Review Summary: Their worst album by far, "Lions" contains one gem amid a sea of muck that would be improved by mediocrity.4 of 4 thought this review was well written
By 2001, the Black Crowes had lost a great deal of luster. Their early career was the personification of commercial and critical success for a Hard Rock band, crafting two timeless and high charting albums while maintaining credibility even among elitists. Following the initial success of “Shake Your Moneymaker” and “The Southern Harmony and Musical Companion,” the Crowes released the musically strong but commercial flop “Amorica,” the directionless “Three Snakes and One Charm,” and the almost unnoticed “By Your Side,” resulting in their once promising legacy slowly descending into irrelevance.

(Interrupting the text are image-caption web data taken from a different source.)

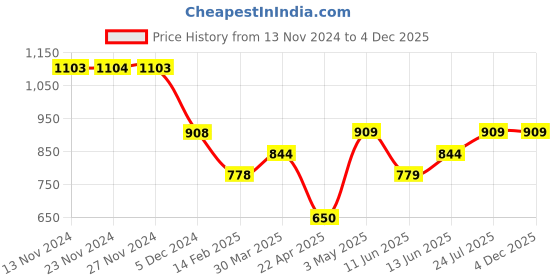 tatacliq.com Fame Forever By Lifestyle Black Cotton Regular Fit Cargo Shorts fame forever by lifestyle Price History Graph from 13 Nov 2024 to 4 Dec 2025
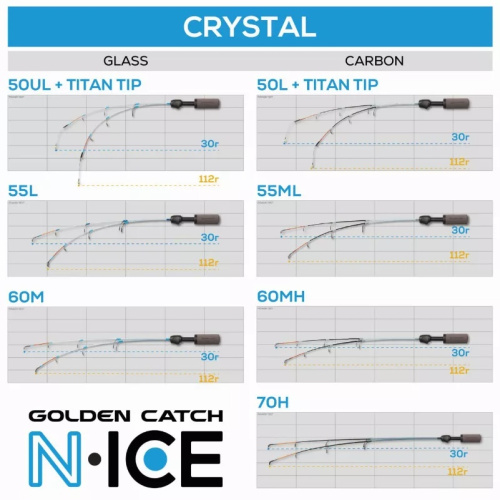 Вудка зимова GC N-Ice Crystal Carbon 70H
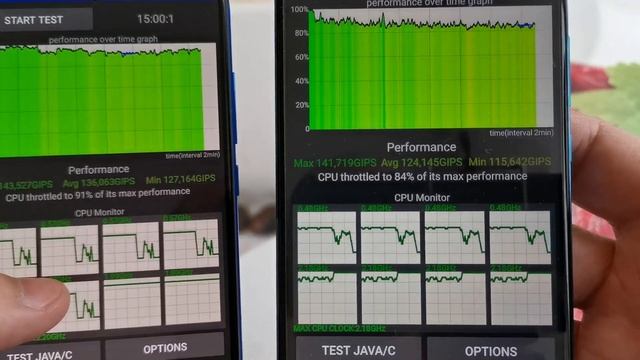 XIAOMI MI 9 LITE vs HONOR 20 LITE смотреть онлайн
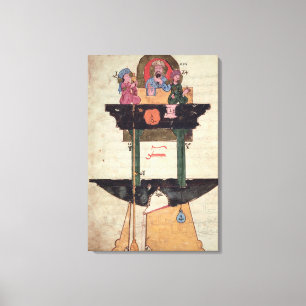 Toile Horloge à eau avec figures automatisées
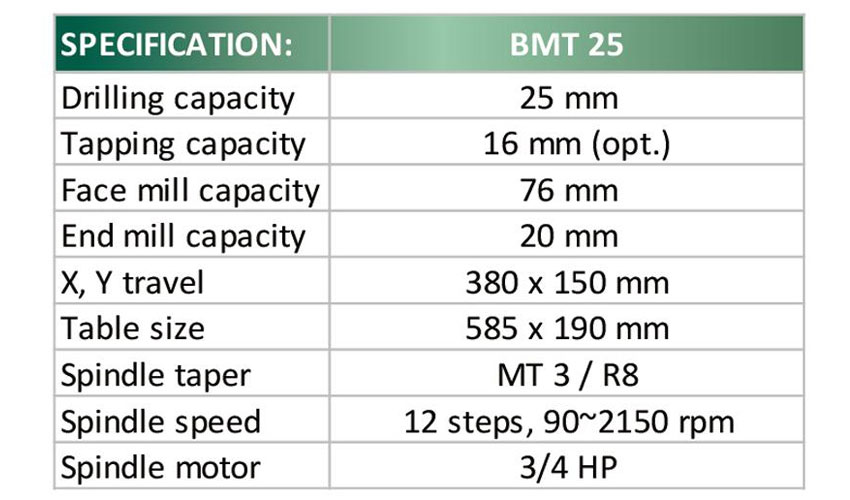 Máy khoan phay 25mm BEMATO BMT 25 3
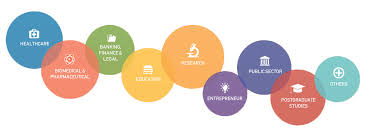 Everyone's career path is different, but there are some common skills that may be helpful to financial analysts, as noted by the. Career Prospects And Development School Of Biological Sciences Ntu Singapore
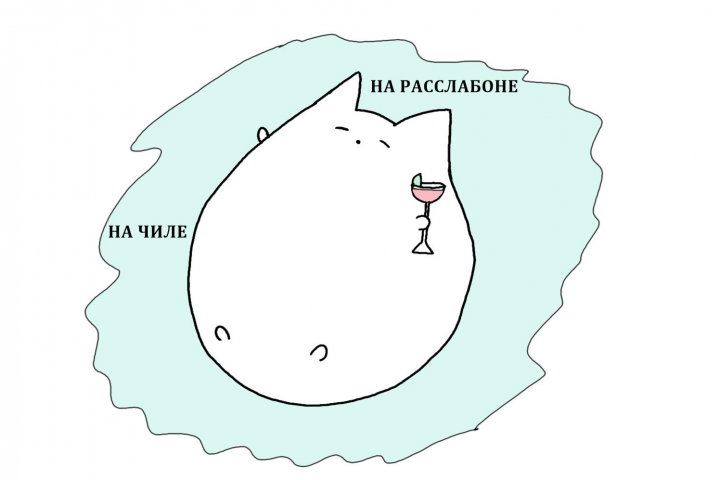 Зарисовки для стикеров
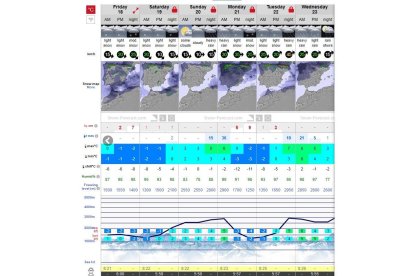 Pronóstico para Leitariegos. SNOW FORECAST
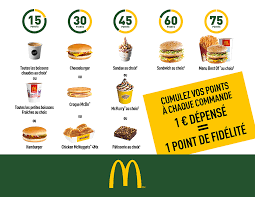 Projdi si menu a vyber si, co si u nás dáš příště! Nos Programmes Fidelite Mcdonald S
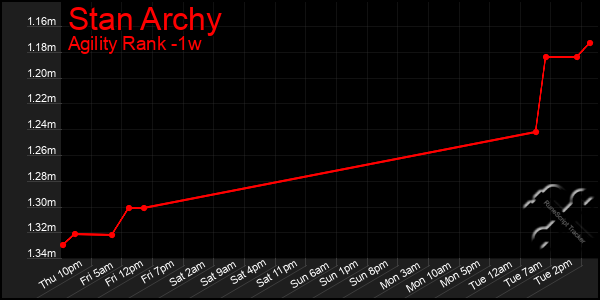 Last 7 Days Graph of Stan Archy
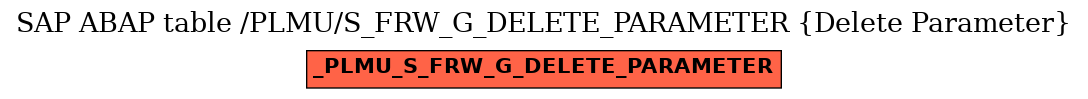 E-R Diagram for table /PLMU/S_FRW_G_DELETE_PARAMETER (Delete Parameter)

The new decade was supposed to bring a sense of newness and revitalization. After being dropped by a record company that wanted the band to return to their roots and write focused songs, Chris and Rich Robinson signed on with a lesser known outfit who promised “total creative control” to the artist. Promises were made that the upcoming album, “Lions,” would be a tour de force, a creative whirlwind that would be the best Black Crowes record in years. A seemingly revitalized Chris Robinson, despite sporting a look and image that made 60’s era Neil Young look like an upper crust conservative Yale blue blood, managed to snare Katie Holmes around this time, and indicated that her intoxicating influence over him would drench the upcoming record in soul and passion. The stage was set for redemption and a huge comeback. Unfortunately for their fans, the disastrous result was a record so poor and uninspired it sent the band into hiatus for seven years.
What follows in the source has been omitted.